Der republikanische Favorit McCain bewegt sich freilich in der (relativen) gesellschaftspolitischen „Mitte“, ist für mehr Waffenkontrolle, ein neues Zuwanderungsrecht, gegen die kli­mapolitischen Blockaden der Öllobby um Bush und Cheney und deren Steuerergeschenke an die Reichen. Um den funda­mentalistisch-recht(sradikal)en Rand der Republi­kaner, die ihm misstrauen, zu gewinnen, könnte er die Nummer drei im republikanischen Rennen, Mick Huckabee, als Kandidaten für die Vizepräsi­dentschaft nominieren. Außenpolitisch ist der ehe­malige Kriegsgefangene in Vietnam freilich selbst ein „Hardliner“: Er hat im Vorjahr mit einem ­Auftritt schockiert, bei dem er zur Melodie eines Beach-Boys-Hits „Bomb Iran“ textete. Gegen McCain dürfte Obama bessere Chancen haben als Clinton. Hillary polarisiert – programmatisch nicht nachzuvollziehen – die Wählerschaft stärker als der charismatische Newcomer, gegen sie ginge das gesamte konservative Lager zu den Urnen. Dafür hätte sie in wichtigen Südstaaten dank der vielen Hispanics (bei denen Bill hoch im Kurs stand) und des noch immer existierenden Rassismus bessere Karten als ihr Rivale.

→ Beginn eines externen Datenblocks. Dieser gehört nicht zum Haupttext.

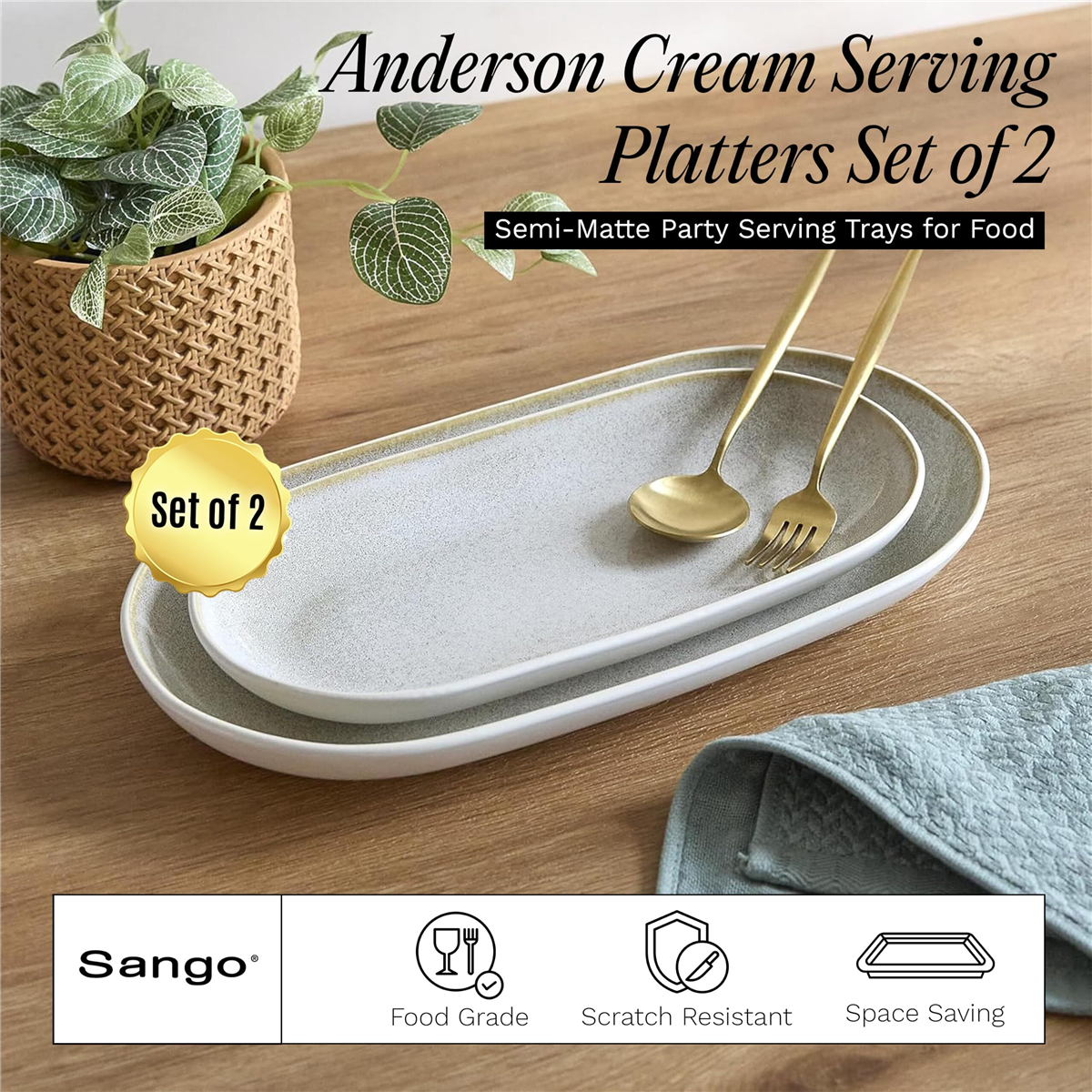Sango Anderson Cream Large Stoneware Serving Platters - Set of 2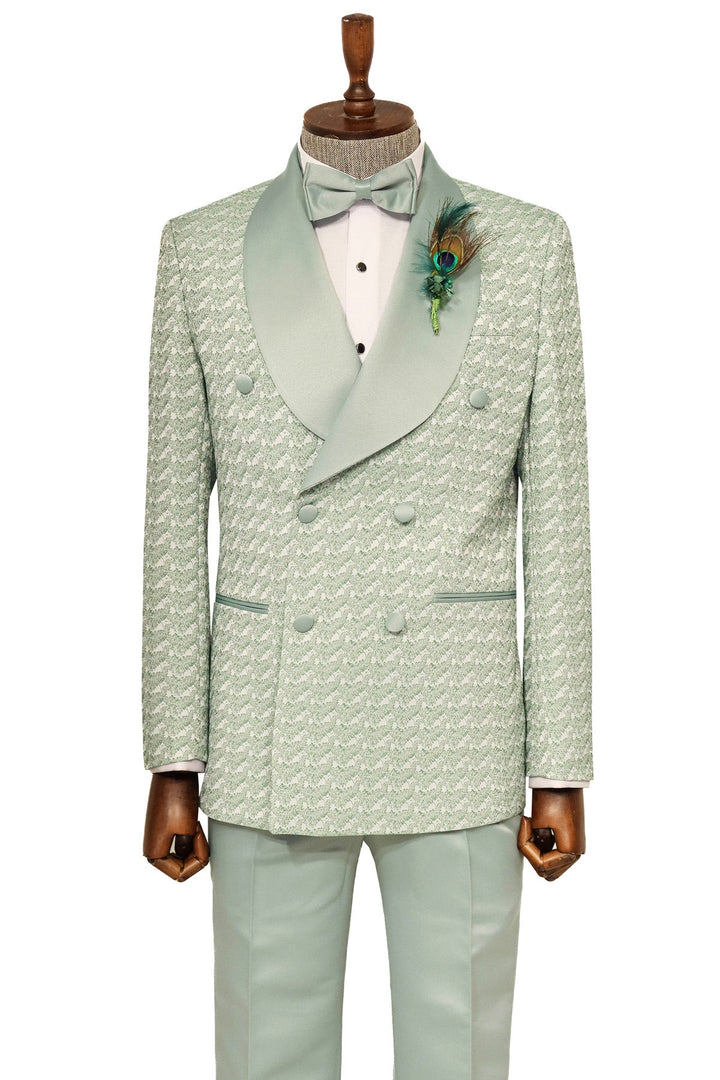 WSS Satin Shawl Collar Patterned Double Breasted Sage Green Men Tuxedo Suit  - Singen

Seriöse Prognosen über die Duellanten sind derzeit also kaum möglich. Völlig unmöglich ist daher auch eine Prognose über den letztlichen Wahlausgang. Nur dessen wahrscheinliche Inszenierungen scheinen klar: McCain gegen Hillary, das wäre der traditionelle Kampf des eher konservativen gegen das eher liberale Amerika, mit der „Frauenfrage“ als Zusatzwürze. Aber ein Wettstreit des 71-jährigen Kriegsveteranen gegen den 46-jährigen Sohn eines Afrikaners – das wäre zusätzlich ein Kampf der Generationen und der Kulturen: eines etablierten Systems gegen eine offene Gesellschaft.